Another big issue is the fight for a new non-selective
secondary school in the north of Lewisham borough. Socialist Party
councillors put forward a motion to the council calling for Telegraph Hill
school to be reopened as a fully funded community comprehensive school.
Labour opposed this and demolished the building, so
Socialist Party members have played a big part in the new school campaign
during the last couple of years. Chris Flood will keep fighting for a new
school to be opened in the north of the borough.
Chris said: "People on the doorsteps often tell us
they don't know who their local councillors are. Labour, both nationally and
locally, just take their voters for granted.
"Many people though have seen what Socialist Party
councillor Ian Page has done, including leading the Save Lewisham Housing
Campaign which stopped the council selling off 7,500 flats and houses."
Practically every area of the ward has gained from our
campaigns alongside local people to win improvements. As Chris Flood said:
"There's a lot of disillusionment amongst Labour's former voters, over
the war with Iraq and the occupation that has followed it, and on subjects
such as education and housing.
"We're starting to see people turning their backs
on New Labour, and if we can show that we're a party that's different, we
can win a second socialist councillor in Telegraph Hill to fight alongside
Ian Page."
If you want to help Chris Flood and the Socialist Party
win this vital seat, please ring the Socialist Party at 020 8988 8777.
"Fighting together we can win battles"
CHRIS FLOOD, Socialist Party candidate in the Telegraph
Hill ward by-election in south London on 4 December (see above), spoke to
the socialist.
I'M A psychiatric nurse and a health service
researcher, born and brought up in Lewisham. I was a shop steward in the
NUPE union (now part of Unison) from the late 1980s.
In the early 1990s I was involved in a campaign to
keep Charing Cross hospital open. The Tomlinson report into hospital
services in London had highlighted it as a hospital that might close.
The workers and the union led a campaign which
threatened occupation if necessary to save the hospital. It got a lot of
support from NHS workers and the general public and successfully kept that
hospital open - it's still open to this day.
I have never forgotten that campaign - through this
fight, many people got to see the power of collective struggle. If we
fight together, we can win battles.
I was also very active in the movement against
Thatcher's blatantly unfair and undemocratic poll tax. Most of the nurses
in our hospital didn't pay their poll tax and the national anti-poll tax
campaign amongst nurses was largely led by Charing Cross workers.
In recent years I've been living in Deptford and been
involved as a local resident in taking on developers who wanted to build
huge luxury private tower blocks.
New Labour councillors have gone out of their way to
encourage these developers and to ignore the concerns of local people, who
are worried about the lack of social housing in what is still
overwhelmingly a working-class and deprived area.
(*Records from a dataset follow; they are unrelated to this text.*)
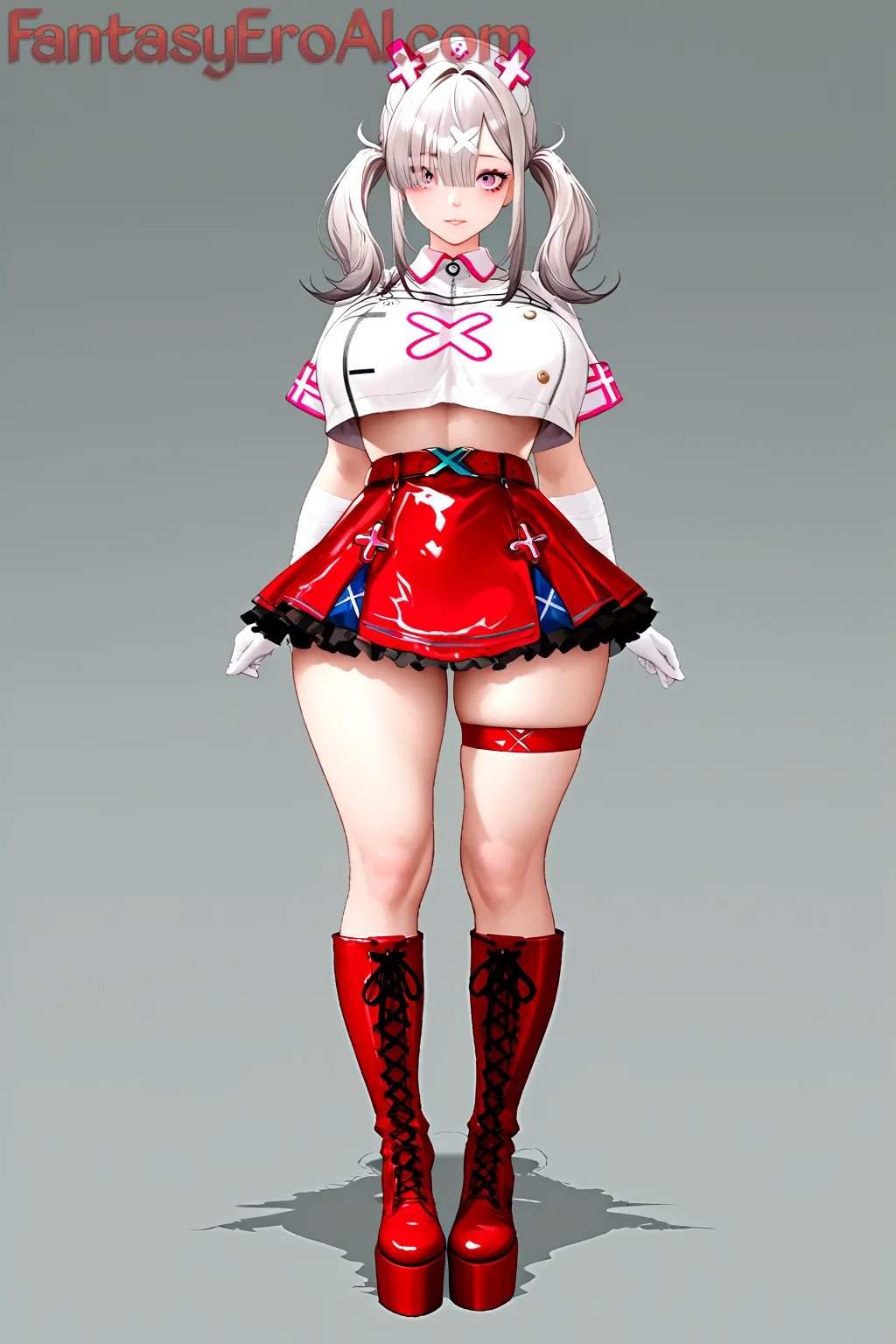 Nuestras-Chicas-Del-Tiempo_2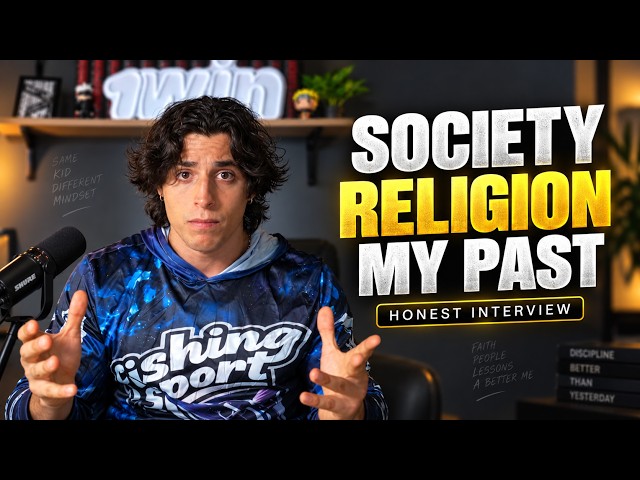 YouTube video thumbnail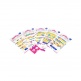 Livret CD Colorzik - Hits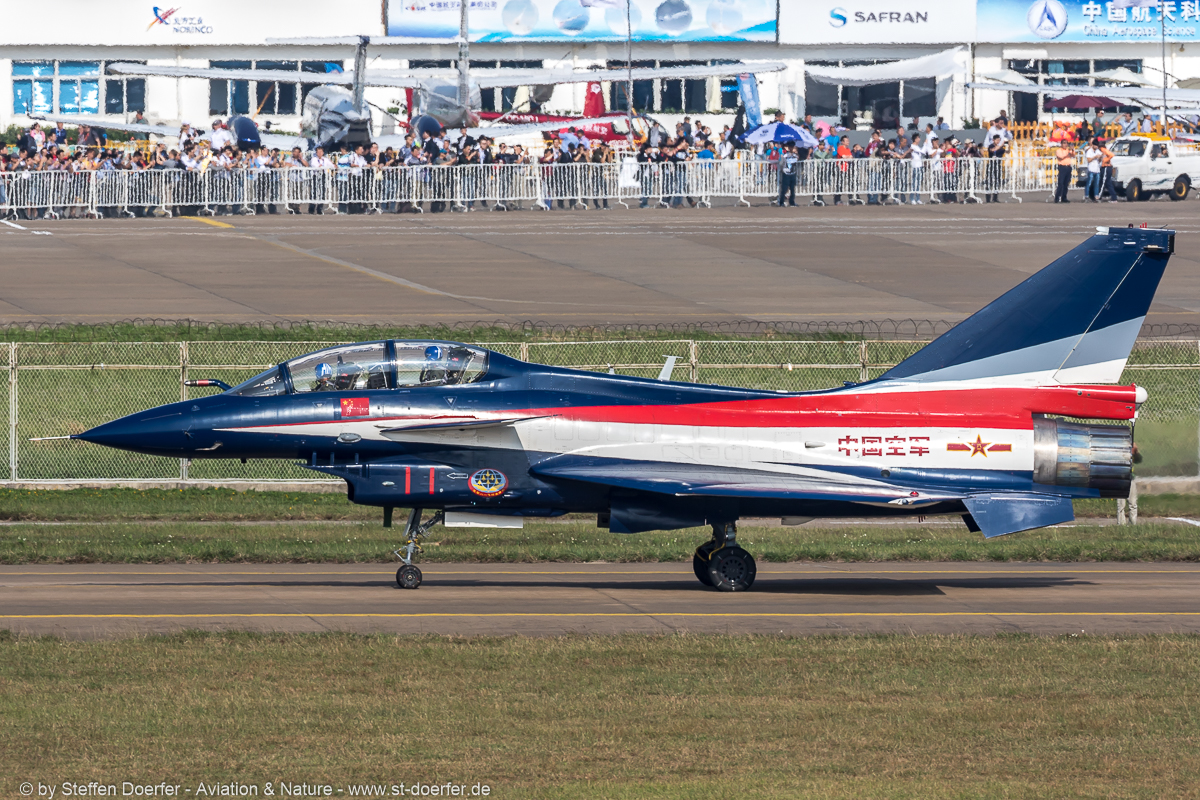 140JH3A6109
New luxury housing in the area has just made that
worse. There's also the lack of planning and the impact that has on GP
services and schools. All this has starkly shown up how far the local
council was pro-developer and pro-rich.
I've also been involved in campaigns on
bread-and-butter issues such as getting security at our local railway
station and getting new traffic-calming measures.
I've worked with local community groups and raised the
need for a new mass workers' party - New Labour is now clearly just
another party of big business like the Liberals and the Tories. The
electorate aren't being offered any choice in most elections.
That's why it's so important that working-class people
stand in local elections and that the Socialist Party stands under its own
banner.
I think the time is right now for councillors to take
the opposition you hear on the streets into the council chamber and fight
for a socialist alternative.
Some people may feel demoralised that there isn't a
Labour Party as there used to be but we've got to argue that people should
come to our banner where we think the lessons of collective struggle, of
collective bargaining can be relearned.